Speaking Feb. 15 at the 68th Berlin International Film Festival, Rivkin praised a gathering of the German Producers Alliance for their leadership on industry issues, including the Digital Single Market in Europe, and emphasized the importance of cross-border collaboration to Europe’s local film and television industry.
“The ability to work together is one of the great strengths of our sector,” Rivkin said. “And it is that shared purpose that helps the MPAA and the Producers Alliance collaborate on the most pressing issues facing our industry today.”
Specifically, as the European Commission explored the Digital Single Market – enabling individuals and businesses borderless access to content rights with consumer and data protections, European producers, creators, and artists worked together to draft a plan.
“[Working] together, the sector continues to remind policymakers that weakening copyright and contractual freedom will have a devastating effect on our industry,” Rivkin said.
His speech was part of a three-day German tour that included a visit to Studio Babelsberg, Germany’s oldest production studio, and the German Home Entertainment Trade Body.
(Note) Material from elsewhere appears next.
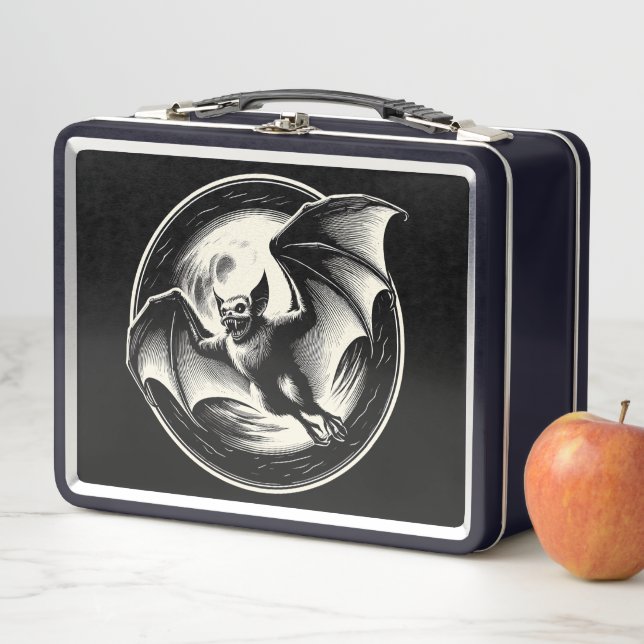 Bat Flying with Moon Behind Goth Horror Metal Lunch Box (In Situ)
Rivkin highlighted successful film and television production partnerships between U.S. and European partners and their economic impact. Across Europe, more than 11 million people work in jobs supported directly and indirectly by copyright-intensive industries, including film and television.
The executive also discussed the importance of cooperation among international content creators and owners in global content protection efforts to reduce piracy.
“I am proud that in June 2017, the MPAA helped bring together 30 leading content creators, including Germany’s Constantin Film and Studio Babelsberg, to form the Alliance for Creativity and Entertainment,” Rivkin said. “[This alliance] has already seen important victories against illicit streaming devices, like Tickbox in the United States, and the elimination of apps that enable access to pirated content here in Europe and in other parts of the world.”
Separately, Wes Anderson’s Isle of Dogs, distributed by Fox Searchlight, became the first ever animation movie to open the Berlin Film Festival.